Карасев окончательно потерялся.
– А чего ж он говорит мне глупости? – как бы оправдываясь, заговорил он охрипшим голосом. – Я и сам могу наговорить глупостей…
И долго еще в таком роде шла между новичками перебранка, пока все не улеглись наконец спать. Не помню уж в какой связи, поздно вечером Стрельбицкий рассказал Тропику, лежа с ним рядом на нарах, одну страшную историю из своего далекого прошлого. Начала этой истории я не слышал: должно быть, Стрельбицкий повествовал о своих разбойничьих похождениях где-то на юге России. Шайка их была переловлена, и озлобленные крестьяне-хохлы посадили троих главарей, в том числе и Стрельбицкого, в холодный погреб.
– Ну вот посадили. И помни, в одних рубахах, со связанными руками, ногами! Глядим вокруг – темно, лед. Холодно – страсть. "Что ж, братцы, видно, помирать надо", – говорим промеж себя. Помирать – так помирать! Стараемся уснуть, жмемся друг к дружке; зуб на зуб не попадает. Вдруг ночью огни. Много народу, слышим, идет. "Бить их, мерзавцев!" Ну, беда пришла. Ввалилась орава. Лупили, я тебе скажу, так, что еле живых оставили. Однако насмерть не убили. А что ж, ты думаешь, сделали? Привесили за веревку, которой руки за спиной были скручены, к балке, вылили на каждого по ведру воды и ушли. Заледенели мы все… Ну вот как сосульки бывают зимой, с крыш висят… И так, братец ты мой, кажинный день по часу, по два стали мы висеть: выльют на нас по ведру воды и уйдут. Раз, помню, целые сутки так продержали…

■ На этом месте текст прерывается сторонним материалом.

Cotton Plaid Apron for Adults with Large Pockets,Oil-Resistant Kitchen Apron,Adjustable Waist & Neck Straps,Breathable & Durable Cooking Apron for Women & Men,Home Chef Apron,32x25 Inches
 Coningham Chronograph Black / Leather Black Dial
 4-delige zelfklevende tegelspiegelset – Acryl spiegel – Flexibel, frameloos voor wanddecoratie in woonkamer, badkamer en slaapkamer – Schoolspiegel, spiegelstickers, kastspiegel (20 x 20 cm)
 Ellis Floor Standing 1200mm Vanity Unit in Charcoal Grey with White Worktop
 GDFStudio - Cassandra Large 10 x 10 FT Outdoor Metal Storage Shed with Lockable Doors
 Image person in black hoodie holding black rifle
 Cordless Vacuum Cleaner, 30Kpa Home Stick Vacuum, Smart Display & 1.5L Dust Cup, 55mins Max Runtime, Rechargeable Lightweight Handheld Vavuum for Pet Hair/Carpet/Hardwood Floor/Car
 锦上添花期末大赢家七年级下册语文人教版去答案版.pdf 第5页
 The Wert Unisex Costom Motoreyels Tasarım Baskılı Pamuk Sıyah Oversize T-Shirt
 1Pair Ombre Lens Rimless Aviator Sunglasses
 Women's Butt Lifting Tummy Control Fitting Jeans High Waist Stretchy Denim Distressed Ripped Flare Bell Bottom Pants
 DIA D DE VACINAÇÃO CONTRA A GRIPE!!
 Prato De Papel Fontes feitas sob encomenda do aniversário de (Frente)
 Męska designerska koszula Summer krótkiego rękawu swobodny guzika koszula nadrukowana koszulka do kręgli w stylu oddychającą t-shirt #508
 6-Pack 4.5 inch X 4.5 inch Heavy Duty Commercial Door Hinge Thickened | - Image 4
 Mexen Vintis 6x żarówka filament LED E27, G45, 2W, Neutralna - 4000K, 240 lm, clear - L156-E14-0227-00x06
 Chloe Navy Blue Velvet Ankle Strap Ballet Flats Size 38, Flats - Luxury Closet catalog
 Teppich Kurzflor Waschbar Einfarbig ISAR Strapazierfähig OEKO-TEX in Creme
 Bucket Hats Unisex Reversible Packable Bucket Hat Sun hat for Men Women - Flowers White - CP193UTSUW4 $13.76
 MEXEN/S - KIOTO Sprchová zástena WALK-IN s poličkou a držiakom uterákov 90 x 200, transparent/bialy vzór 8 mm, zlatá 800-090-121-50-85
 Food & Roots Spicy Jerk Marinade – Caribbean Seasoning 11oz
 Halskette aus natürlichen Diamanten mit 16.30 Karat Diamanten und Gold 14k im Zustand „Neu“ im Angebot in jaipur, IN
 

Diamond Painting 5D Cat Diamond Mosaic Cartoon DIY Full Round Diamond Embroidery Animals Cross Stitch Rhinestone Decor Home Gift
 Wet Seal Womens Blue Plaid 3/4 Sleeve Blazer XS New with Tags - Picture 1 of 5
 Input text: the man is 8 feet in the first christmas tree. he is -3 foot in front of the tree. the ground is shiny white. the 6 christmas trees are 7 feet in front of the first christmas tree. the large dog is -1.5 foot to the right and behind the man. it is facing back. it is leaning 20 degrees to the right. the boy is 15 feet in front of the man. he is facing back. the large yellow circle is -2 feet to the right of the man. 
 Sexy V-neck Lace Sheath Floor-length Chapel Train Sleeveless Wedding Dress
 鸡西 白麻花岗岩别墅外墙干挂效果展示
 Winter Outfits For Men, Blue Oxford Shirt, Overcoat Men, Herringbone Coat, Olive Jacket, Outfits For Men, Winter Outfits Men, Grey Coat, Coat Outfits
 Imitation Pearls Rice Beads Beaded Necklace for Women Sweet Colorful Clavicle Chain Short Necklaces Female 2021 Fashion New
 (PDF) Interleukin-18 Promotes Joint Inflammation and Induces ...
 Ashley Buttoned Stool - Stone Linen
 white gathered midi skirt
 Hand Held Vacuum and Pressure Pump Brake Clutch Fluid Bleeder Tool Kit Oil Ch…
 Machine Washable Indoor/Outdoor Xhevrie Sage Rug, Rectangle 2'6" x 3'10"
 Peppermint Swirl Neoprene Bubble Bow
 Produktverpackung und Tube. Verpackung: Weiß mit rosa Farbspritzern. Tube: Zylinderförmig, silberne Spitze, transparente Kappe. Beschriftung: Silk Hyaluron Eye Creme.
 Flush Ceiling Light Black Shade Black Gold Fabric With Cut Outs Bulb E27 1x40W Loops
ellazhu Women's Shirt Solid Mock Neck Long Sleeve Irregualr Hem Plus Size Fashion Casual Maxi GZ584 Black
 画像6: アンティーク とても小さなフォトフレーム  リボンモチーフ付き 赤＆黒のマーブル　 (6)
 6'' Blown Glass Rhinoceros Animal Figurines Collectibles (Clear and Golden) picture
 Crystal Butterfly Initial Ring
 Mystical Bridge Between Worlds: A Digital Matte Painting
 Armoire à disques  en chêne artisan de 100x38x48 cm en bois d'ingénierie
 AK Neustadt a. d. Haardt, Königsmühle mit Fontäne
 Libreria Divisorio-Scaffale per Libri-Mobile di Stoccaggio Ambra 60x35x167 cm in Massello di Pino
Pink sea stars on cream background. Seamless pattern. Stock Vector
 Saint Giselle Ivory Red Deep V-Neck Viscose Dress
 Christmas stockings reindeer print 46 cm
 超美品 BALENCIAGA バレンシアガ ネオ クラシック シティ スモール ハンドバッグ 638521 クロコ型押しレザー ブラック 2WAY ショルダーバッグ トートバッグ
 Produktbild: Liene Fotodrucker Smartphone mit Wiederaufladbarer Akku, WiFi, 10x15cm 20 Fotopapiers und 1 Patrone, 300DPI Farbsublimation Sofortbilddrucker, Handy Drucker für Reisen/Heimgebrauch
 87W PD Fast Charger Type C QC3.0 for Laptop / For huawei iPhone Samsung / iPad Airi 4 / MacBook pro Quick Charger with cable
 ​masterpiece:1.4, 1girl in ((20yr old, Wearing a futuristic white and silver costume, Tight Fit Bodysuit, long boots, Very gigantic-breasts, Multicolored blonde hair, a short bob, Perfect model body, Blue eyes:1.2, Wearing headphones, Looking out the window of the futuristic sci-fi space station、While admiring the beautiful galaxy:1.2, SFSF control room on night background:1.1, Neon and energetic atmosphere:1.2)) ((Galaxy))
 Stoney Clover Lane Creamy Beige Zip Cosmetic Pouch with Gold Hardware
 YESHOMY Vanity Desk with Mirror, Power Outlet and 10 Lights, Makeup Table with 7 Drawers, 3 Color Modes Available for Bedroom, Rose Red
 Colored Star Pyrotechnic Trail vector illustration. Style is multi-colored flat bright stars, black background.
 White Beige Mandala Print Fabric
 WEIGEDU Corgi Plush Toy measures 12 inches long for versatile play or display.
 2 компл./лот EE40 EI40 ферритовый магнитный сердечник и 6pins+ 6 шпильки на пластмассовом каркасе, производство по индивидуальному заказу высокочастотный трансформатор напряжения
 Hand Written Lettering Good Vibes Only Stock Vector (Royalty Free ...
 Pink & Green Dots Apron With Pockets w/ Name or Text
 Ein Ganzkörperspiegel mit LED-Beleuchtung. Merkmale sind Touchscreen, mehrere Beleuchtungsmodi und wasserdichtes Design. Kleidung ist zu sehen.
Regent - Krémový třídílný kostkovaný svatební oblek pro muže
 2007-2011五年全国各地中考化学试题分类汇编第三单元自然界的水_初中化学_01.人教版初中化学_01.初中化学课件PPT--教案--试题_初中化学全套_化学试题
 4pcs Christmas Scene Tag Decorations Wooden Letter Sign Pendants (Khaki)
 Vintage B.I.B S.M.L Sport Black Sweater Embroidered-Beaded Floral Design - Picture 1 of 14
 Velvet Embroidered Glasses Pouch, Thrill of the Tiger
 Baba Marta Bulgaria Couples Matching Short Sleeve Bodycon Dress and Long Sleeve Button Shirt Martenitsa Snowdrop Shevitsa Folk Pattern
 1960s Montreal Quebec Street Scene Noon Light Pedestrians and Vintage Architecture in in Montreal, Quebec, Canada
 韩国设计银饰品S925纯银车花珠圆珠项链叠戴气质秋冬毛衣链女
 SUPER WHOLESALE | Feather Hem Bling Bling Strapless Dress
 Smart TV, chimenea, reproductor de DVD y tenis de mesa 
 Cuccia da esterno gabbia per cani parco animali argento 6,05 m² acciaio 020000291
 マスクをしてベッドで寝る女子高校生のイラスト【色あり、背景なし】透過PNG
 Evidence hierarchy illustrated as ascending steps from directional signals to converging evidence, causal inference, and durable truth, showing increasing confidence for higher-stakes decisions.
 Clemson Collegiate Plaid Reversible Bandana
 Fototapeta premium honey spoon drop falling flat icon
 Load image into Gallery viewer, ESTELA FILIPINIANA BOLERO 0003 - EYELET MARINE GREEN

Конец ознакомительного фрагмента.
Примечания
1
Буквально: смертельный прыжок (итал.)
2
Впрочем, впоследствии, когда материальное положение тюрьмы стало еще стесненнее, подобное соглашение между арестантами установилось само собой и камерные старосты начали делить нашу махорку только по числу куривших. (Прим. автора.)
3
В глубоких подземных выработках большинство арестантов считает зазорным свистать и петь. У нас в Шелае певали, случалось, и в шахтах, но глубина их не превышала пяти-восьми сажен. (Прим. автора.)
4
Новой – иной, (Прим. автора.)
5
Возможно, конечно, что это и две различных песни, по дело а том, что от лучших тюремных певцов, вроде Юхорева, я слышал их всегда слитными, без малейшего перерыва, и все они утверждали, что это одна песня. (Прим. автора.)
6
Облава. Другое значение "стрёмы" – тайное стояние на карауле. (Прим. автора.)
7
Дело в том, что каторжные II и III разрядов, осуждаемые сроком до двенадцати лет включительно в заводы и крепости и, за отсутствием последних, отправляемые обыкновенно в те же рудники (пребывание в которых считается по закону более тяжким наказанием), пользуются так называемой горной скидкой, по четыре месяца с каждого года. Каторжные I разряда этой скидки не имеют. (Прим. автора.)
8
Тюремный срок каторжных зависел от числа лет всего присужденного им срока. Так, для вечных он равняется одиннадцати годам; для осужденных на 16, 17, 18, 19 и 20 лет – семи годам; на 13, 14 и 15 – пяти годам; 10, 11 и 12 – трем с половиной и т. д. Каторжные, имевшие больше 12 лет всего срока, считались первым, или рудниковым, разрядом и не пользовались в обычное время никакими скидками, кроме двух месяцев с года за хорошее поведение. Каторга же малосрочных благодаря большой "горной" сбавке и в обычное время сокращалась почти наполовину. Таким образом, чем длиннее срок каторжного, тем положение его хуже во всех отношениях. (Прим. автора.)